The researchers chose a variety of methods to evaluate this hypothesis and document the effect of unemployment on individuals, families, and the social fabric of the community. They compiled detailed records on each of the 478 families in Marienthal. They collected life histories, gave out questionnaires, and asked schoolchildren to write essays. They examined account books from the cooperative store, loan records from the public library, and census and migration figures. The researchers also initiated projects that benefited community members and generated data for their study.
In 1933, Jahoda and her colleagues published a monograph entitled The Unemployed of Marienthal.
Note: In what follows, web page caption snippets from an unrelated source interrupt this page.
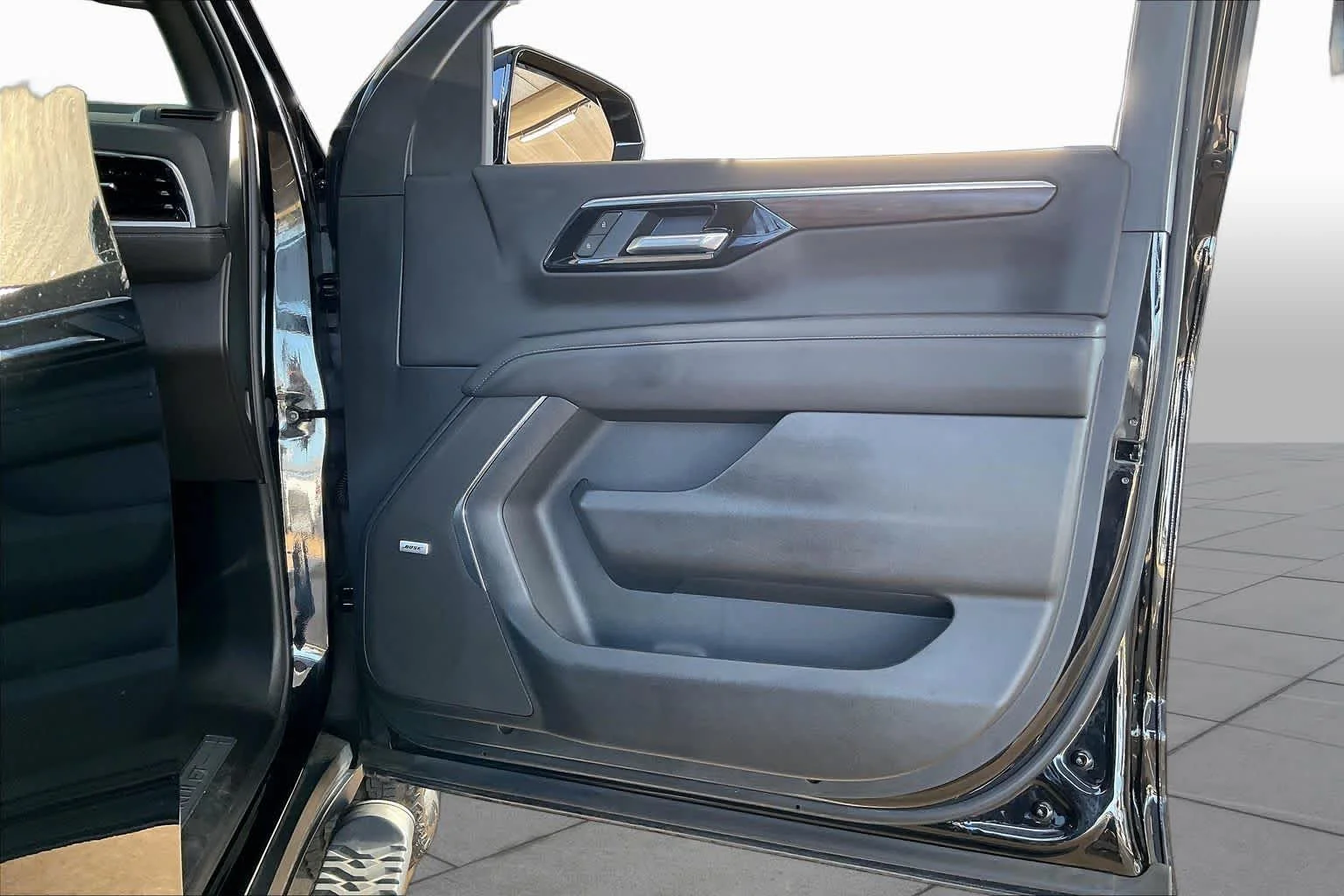 Used 2025 Black Chevrolet Z71 image 22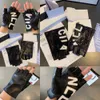 女性革の手袋冬の温かいシープスキンクラシックレターデザイナーグローブミトンタッチスクリーンブラックシープスキングローブサイズラグジュアリーブランド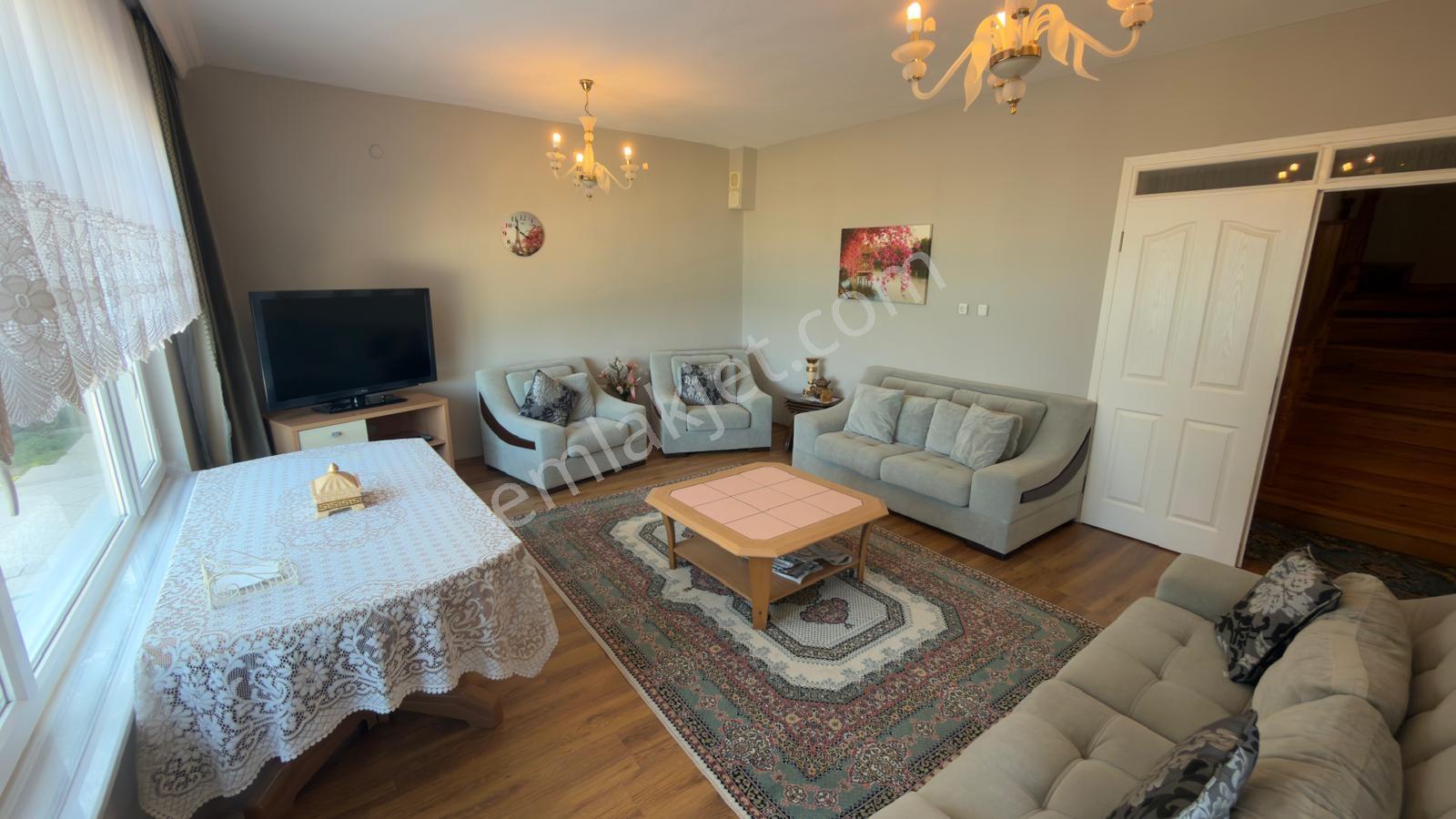 Şarköy Hoşköyde Denize Sıfır Müstakil İkiz Villa — fotoğraf 11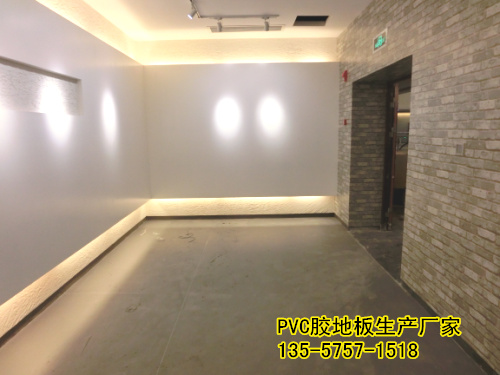 鋪華塑裝飾PVC運(yùn)動(dòng)塑膠地板的優(yōu)勢(shì)有哪些？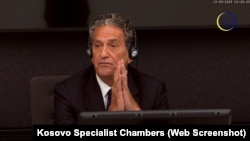 James Rubin gjatë dëshmisë.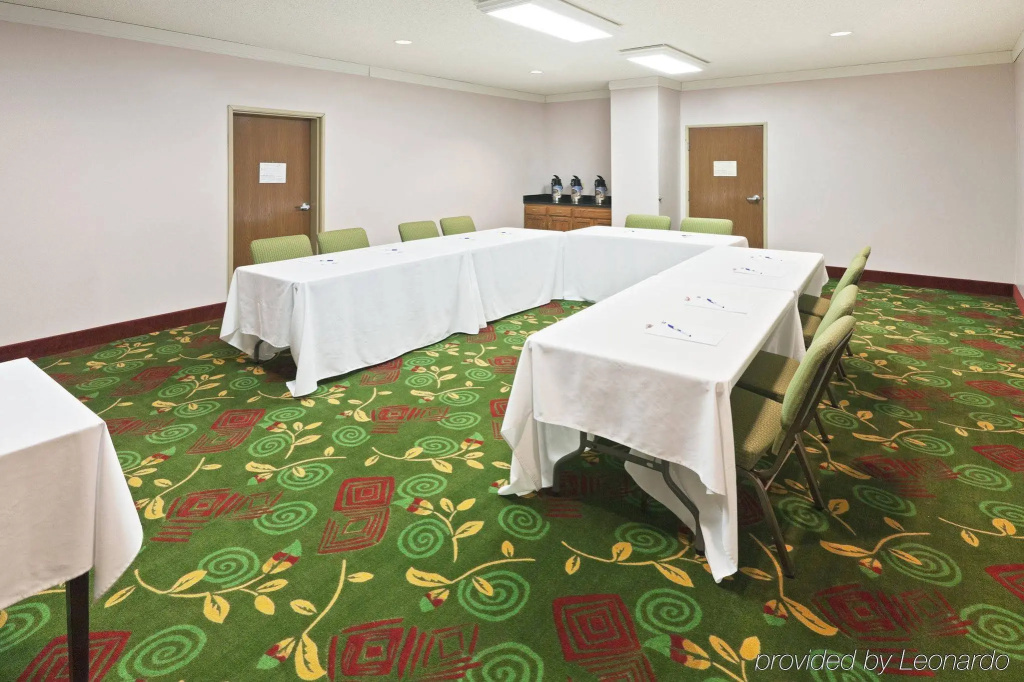 Holiday Inn Express & Suites Plainview by IHG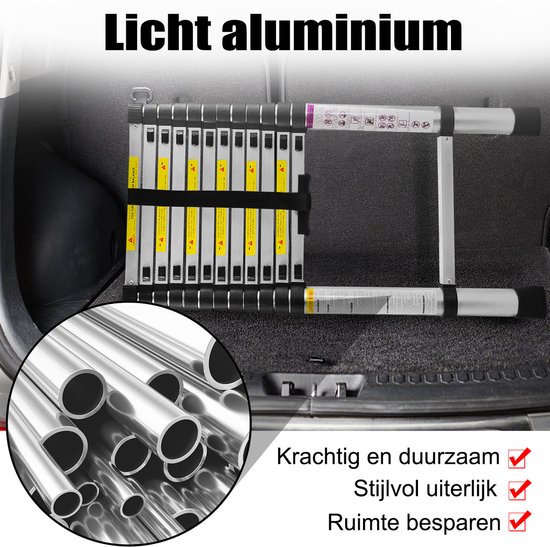 Gevouwen aluminium telescoopladder in de kofferbak van een auto, met detailfoto van aluminium buizen.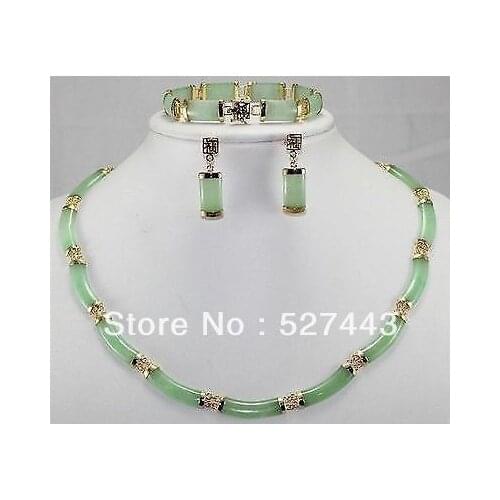 FREE SHIPPING>>@> Wholesale Noble green stone earring bracelet necklace set Natural jewelry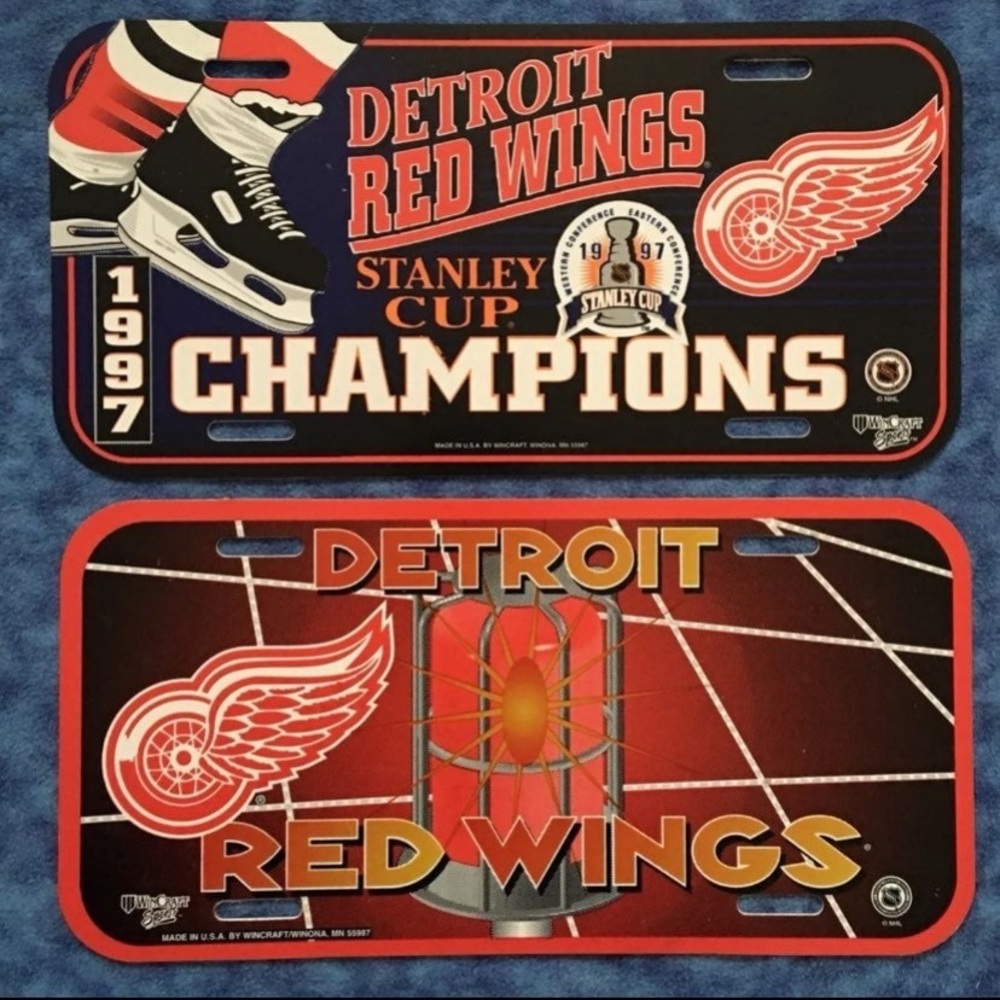2 Detroit Red Wings License Plates Signs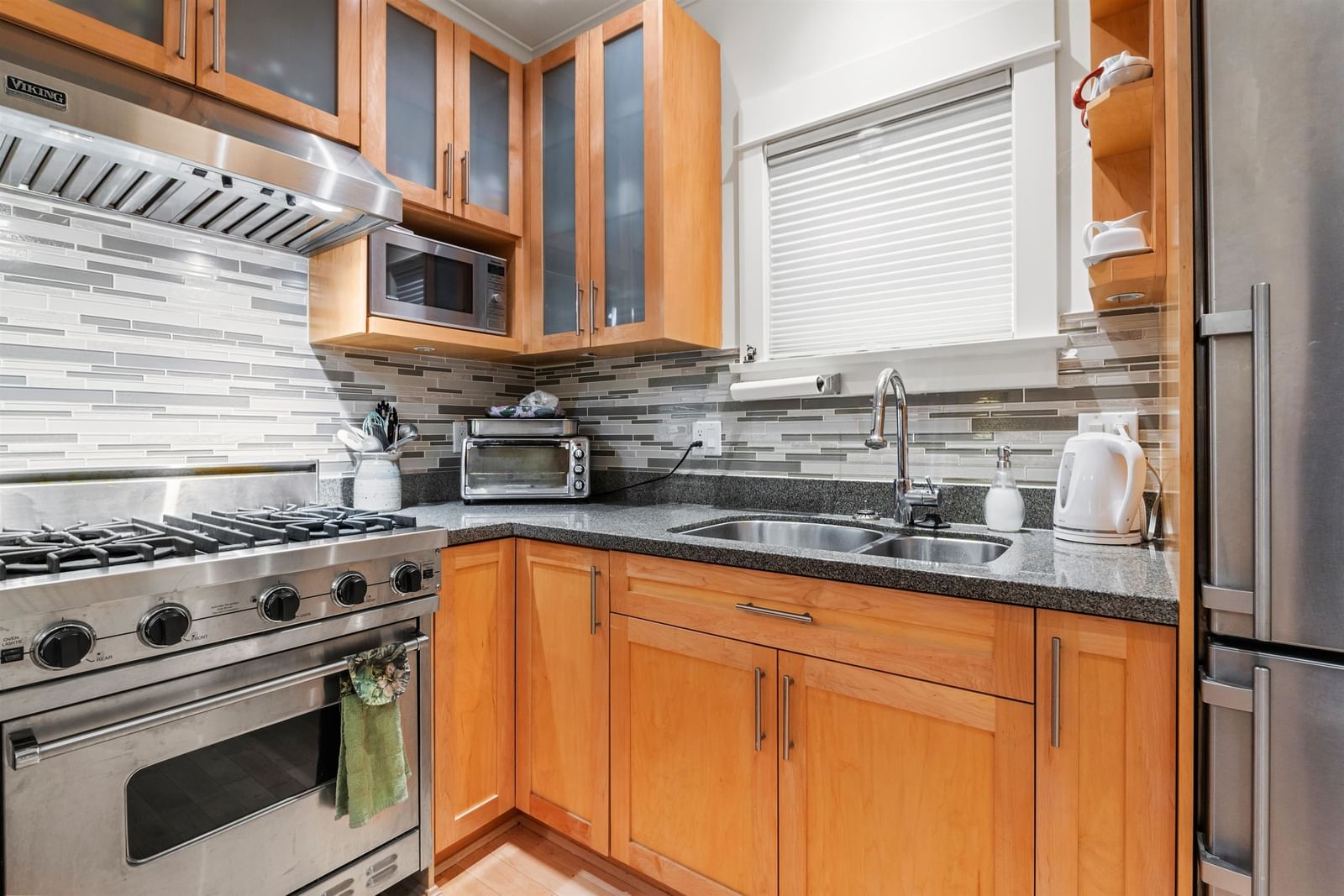 Listing Image 15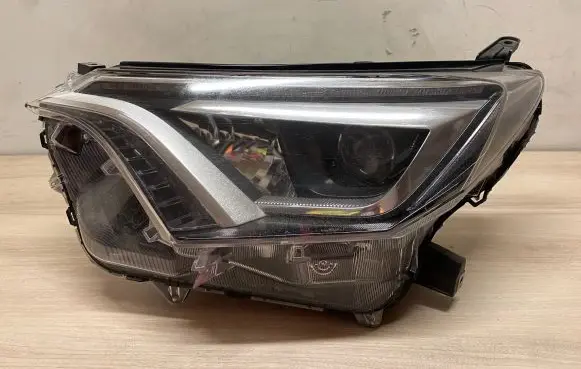 Toyota RAV 4 (XA40) Headlight/headlamp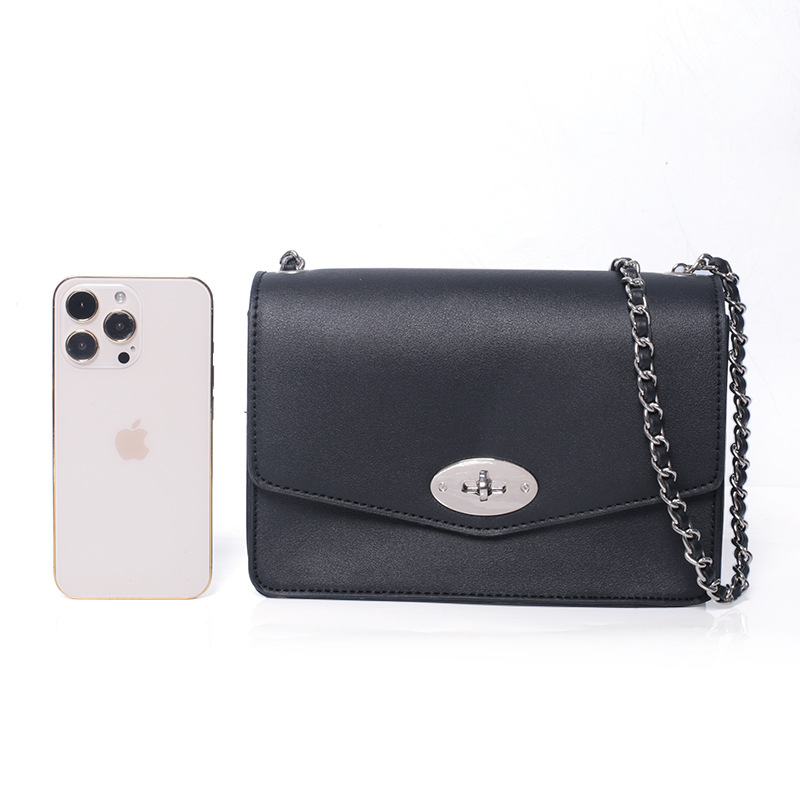 Customized by the manufacturer Fashionable and trendy shoulder bag 2022New minimalist and versatile small square bag chain bag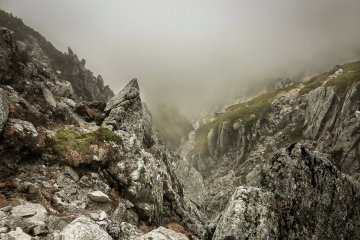  Следую по пути легко понять, почему Центральные Альпы знамениты своими тяжелыми облачными туманами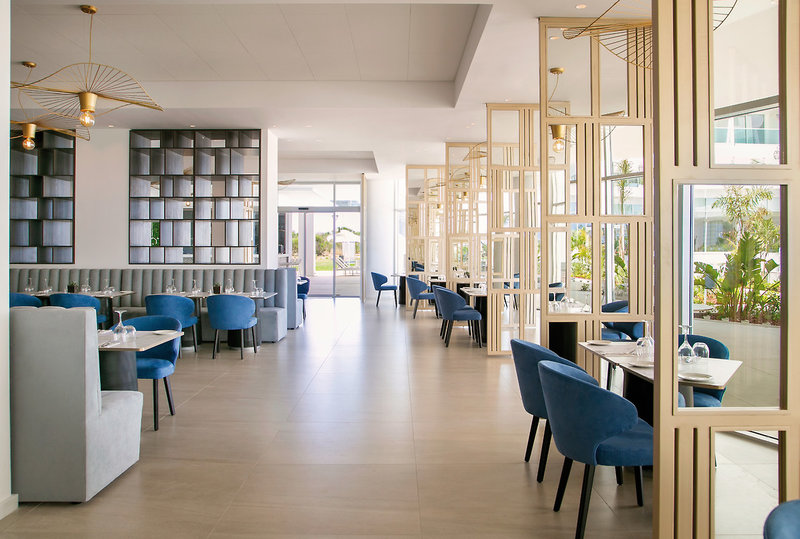 Nissiblu Beach Resort 12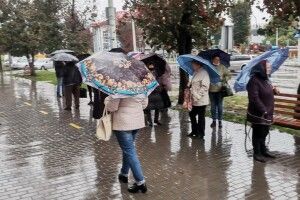 Люди стоять годинами під дощем. Чому в Луцьку біля пенсійного фонду черги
Contrary to their working hypothesis, they found no revolutionary class consciousness in Marienthal, only apathy and resignation. The bulk of the first edition was burned because its authors were Jewish. When Red Vienna fell to the Nazis in 1934, Jahoda was imprisoned for her political beliefs and released on the condition that she leave the country immediately. She emigrated to the United States, where she became part of a group of activist social psychologists in New York City. There she did research on anti-Semitism, intergroup relations, the authoritarian personality, and positive mental health.
As for the burned book, it first appeared in English almost forty years later as Marienthal: The Sociography of an Unemployed Community. As a seminal study of the sociopsychological effects of unemployment, Marienthal has been hailed as an enduring classic.